Property and business owners along Highway 95 in Old Bullhead City will have the opportunity to offer their take on visioning proposals for the neighborhood.
Council members met Tuesday in a special session to review a visioning report compiled from a series of public meetings by consultants Matrix Design Group.
Bullhead City Mayor Tom Brady suggested staff send a copy of the completed report to all businesses in that section of Highway 95 and cross streets and solicit feedback from those business owners.
“Any additional input that we can see now and in the future would be great,” said Bullhead City Manager Toby Cotter. “We can have as many workshops in the future as council would like, we can have as many discussions as council would like — if we’re going to move forward with improving Old Bullhead City we have to keep talking about it or it will never happen.”
Design Matrix Group’s stated goal for the public and council meetings, which were held in May, included creating a community-driven vision for the corridor that runs for less than a mile between First and Seventh Streets.
The group reported residents and council members envisioned Old Bullhead City as a downtown-like destination with beautified streets, safe spaces for pedestrians and bicyclists and gathering places including the river, businesses, parks and restaurants.
The report identified six goals: creating a destination district, capitalizing on nearby destinations, taking full advantage of ADOT and city investments and creating a plan for Highway 95 while considering zoning issues and underutilized assets.
Recommendations and key strategies identified included the creation of pocket parks, an expanded property enhancement program, as well as Highway 95 alignment and design alternatives.
Pocket parks, which can be created on a single vacant lot, are recommended at the west ends of Second, Third, and Fourth streets.
The report noted the city currently has a nascent property enhancement program and that a possible expanded program could include city/property owner licensing agreements to enhance private property frontages as well as the potential for the city to invest in vacant or tax-delinquent properties for the creation of pocket parks and parking lots.
The group also recommended a marketing evaluation for Old Bullhead City, which would provide a detailed and objective evaluation of the potential to attract and retain business to the area and a redevelopment area plan.
A redevelopment area plan acts as a guidebook for revitalization within a core community area.
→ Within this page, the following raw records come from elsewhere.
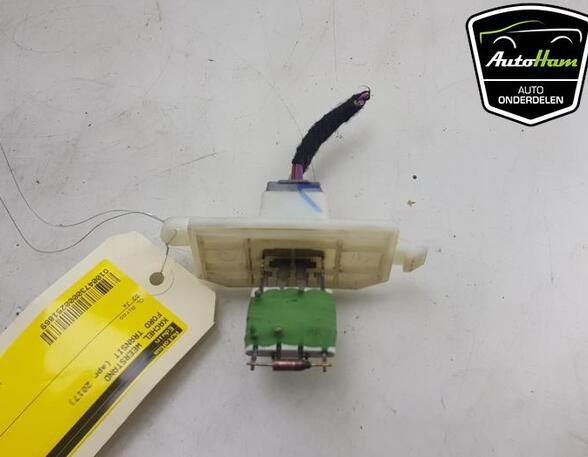 Resistor Interior Blower FORD B-MAX (JK), FORD FOCUS III Turnier, FORD KA+ (UK, FK), FORD TRANSIT COURIER B460 Box Body/MPV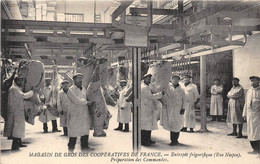 PARIS-75014- RUE NIEPCE- MAGASIN DE GROS DES COOPERATIVES DE FRANCE, PREPARATION DES COMMANDES - Paris (14)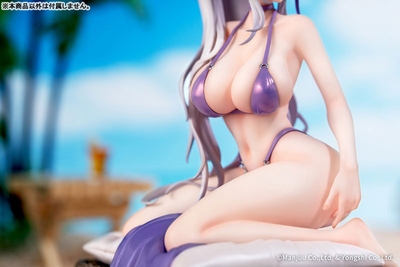 Azur Lane - Unzen - Gift+ - Playing in the Blue Sea - 1/8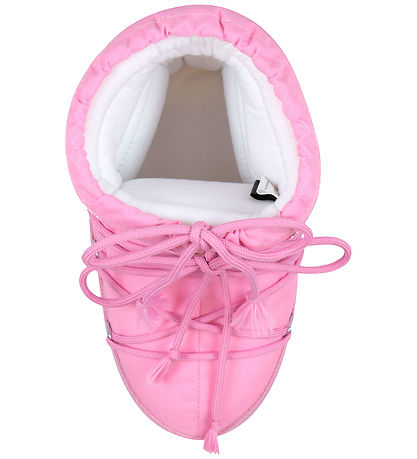 Moon Boot Winter Boots - Icon Low Nylon - Pink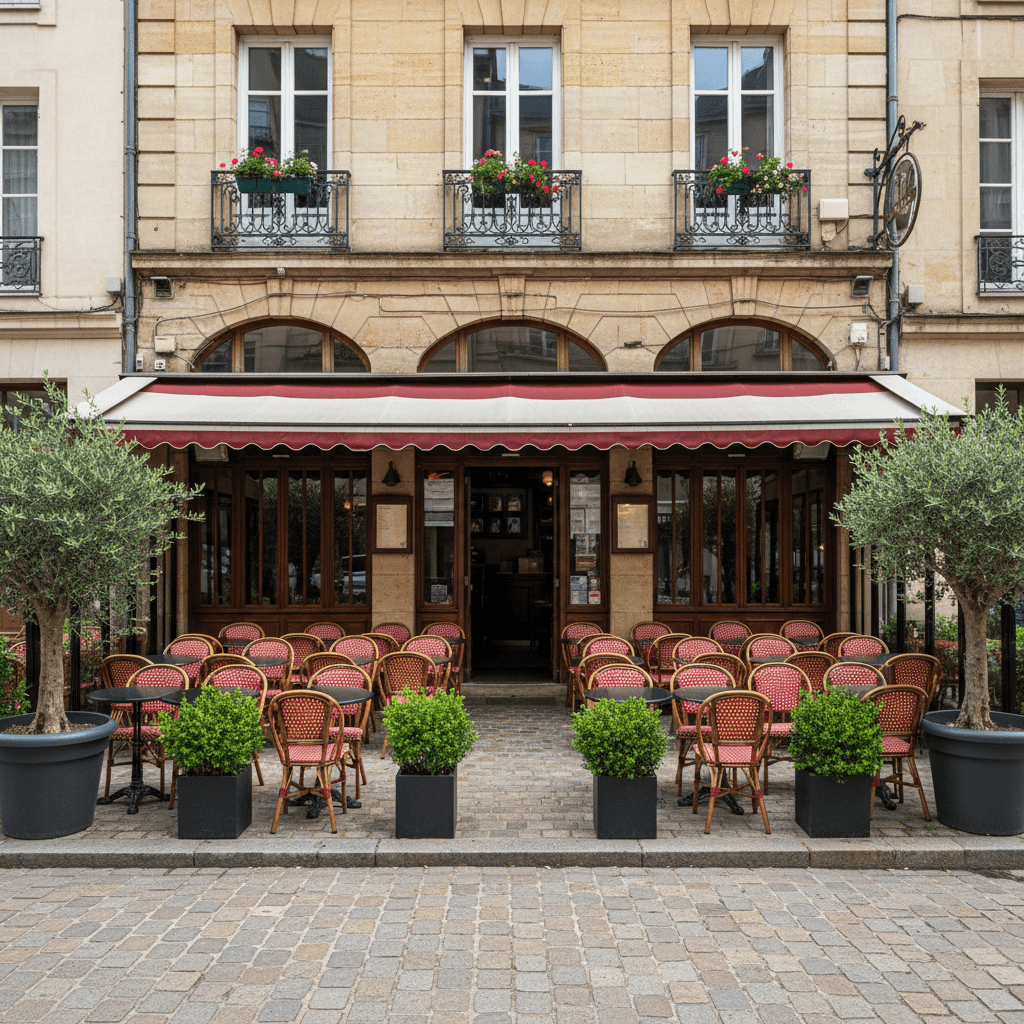 Restaurant à Nantes : licence IV - Image 1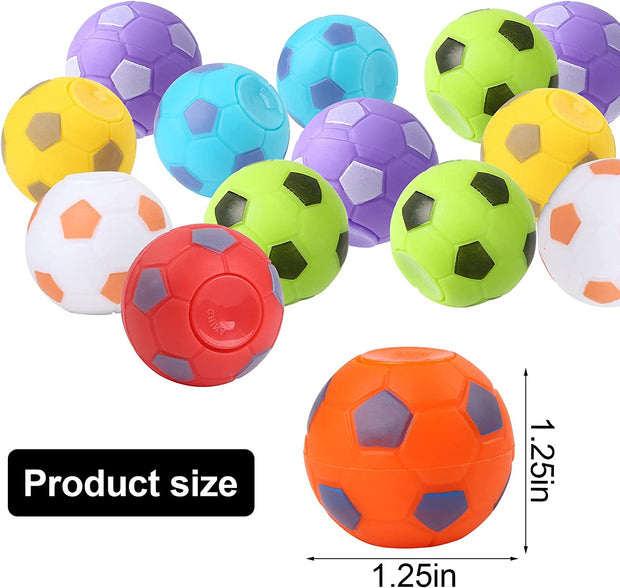 Fidget Spinner- Soccer ball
In Arizona, redevelopment areas are developed in accordance with Arizona statutes. The plan is a necessary step to accessing federal, state and local economic development tools, the group said.
In their report, the consultants offered three potential design alternatives for Highway 95, including enhancements to the area as it exists, a one-way couplet diverting traffic off the existing highway to two separate one-way streets and a third option of realignment of the existing state route to one two-way street.
“That’s one of the handicaps that we have here, this is not our road,” Cotter said. “We have to work directly with ADOT if we want to see some benefits in this area.”
Any of the envisioned plans would require millions of dollars to implement, Cotter told council members.
“Arizona Department of Transportation is a willing partner and actively working with us on a potential study,” Cotter said. “To put in this type of infrastructure, it’s not just painting, this is a whole infrastructure improvement — this would be very expensive.”
Improving Old Bullhead City will take many discussions and workshops for council and community members, Cotter said.
“Think about how many workshops and meetings we had for Section 12 (the new beaches at Community Park),” he said. “Because of that effort we’ve been able to generate something.”